I'm little over a year into this thing now and safe to say I have learnt more about myself, business, content and marketing in the past 18 months than I have in the 10+ years prior, working a 9-5.
Thought I'd jot down today four big lessons, straight off the top of my head, that I have learnt along the way.
Hopefully it can help guide whatever it is you decide to do!
1. Be prepared to self-learn
Okay, so why the fuck don't we learn any of this stuff in school?!
If you're like me you will start your journey knowing nothing about E-commerce, accounting, budgeting, taxes, marketing and just general financial literacy.
The daily ins-and-outs of running your own business is going to be tough, but it's something you can work through.
I was lucky enough to have smart people and mentors around me I could lean on for advice - and those willing to ask for help will find they likely do too.
Being humble and understanding it's okay to be completely clueless is the best thing you can do.
I remember my first meeting with my accountant, leaving and feeling like I was the dumbest guy in the room.
By meeting three-four, I know a little bit more.
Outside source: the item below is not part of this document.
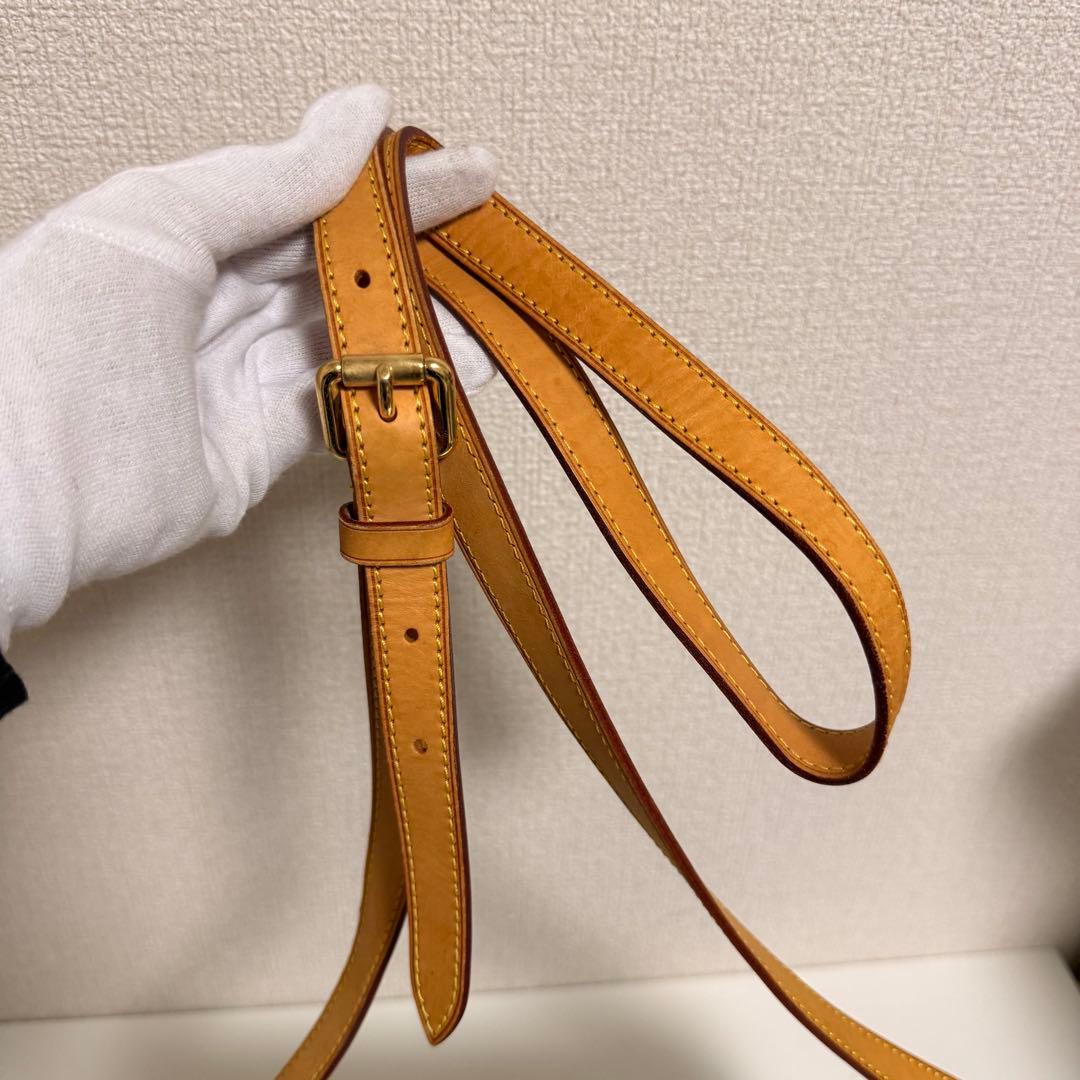 LOUIS VUITTON メニルモンタンPM ショルダーバッグ　モノグラム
I understand a little bit more.
If you're open and prepared to learn, the whole process becomes a lot easier -and actually enjoyable.
2. Bring your own flavour
This is a big one cos I feel people have misinterpreted what I have meant by this in the past.
Since starting Vintage Kit a year or more ago I have seen, shit, probably 40-50 people reach out to me and say 'you've inspired me to start my own vintage page' or guys who are already established DM and ask for tips and advice.
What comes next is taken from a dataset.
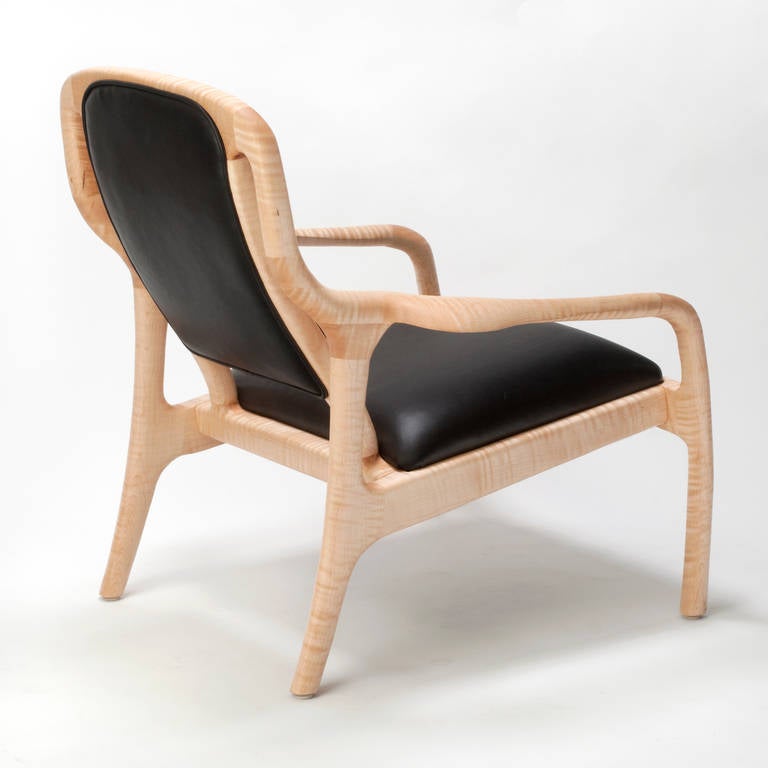 Karnali Lounge Chair in Maple In New Condition For Sale In New York, NY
I'm transparent as fuck - I write down everything I know right here on the website for all to read and podcast everything in between.
I say all the time, copy and paste.
I'm not doing anything new, take what I'm doing and run with it - BUT, do it with your own flavour.
And that's what people miss.
I've seen plenty of brands that look exactly like mine lately.
They sell similar kit, use the same emojis and even half talk like me (weird).
That's not the play - cos you won't beat me at my own game.
I take inspiration everyday from my mentor, turned mate, turned business partner Ice, and his brand YKTR.
I copy and paste exactly what they are doing - BUT with my own flavour.
If I jumped on the camera and started walking like him, talking like him, I'd just be a poor man's version.
People can feel when it's not genuinely you.
If you're starting your own brand/company be true to yourself.
It's fine to be inspired. It's fine to take lessons from others - but be authentic.
Don't just copy the business model off another. You'll lose.
3. Create genuine content - and shit loads of it
If you ain't into what you're selling, don't expect people to buy it.
It sounds pretty simple, but I see a lot of people getting into not just vintage, but e-commerce in general just to make a buck.
That's fine, but if you don't truly love your product your content will reflect that - and the consumer as a result.
I had a mate trying to end a flat argument the other day, ask me how much a follower was worth, dollar wise.
It was a strange question because I had never really put a monetary value on followers before.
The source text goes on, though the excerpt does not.